● **Source material**:
■ ■ ■ ■ ■ ■ ■
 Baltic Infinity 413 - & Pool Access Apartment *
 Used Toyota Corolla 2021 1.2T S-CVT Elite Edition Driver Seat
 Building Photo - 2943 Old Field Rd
■ ■ ■ ■ ■ ■ ■
● **Exercise**: Set out exactly the lines from the one bearing "Used Toyota Corolla" through the end of the data, including both ends and omitting all others.

● **Response**:
 Used Toyota Corolla 2021 1.2T S-CVT Elite Edition Driver Seat
 Building Photo - 2943 Old Field Rd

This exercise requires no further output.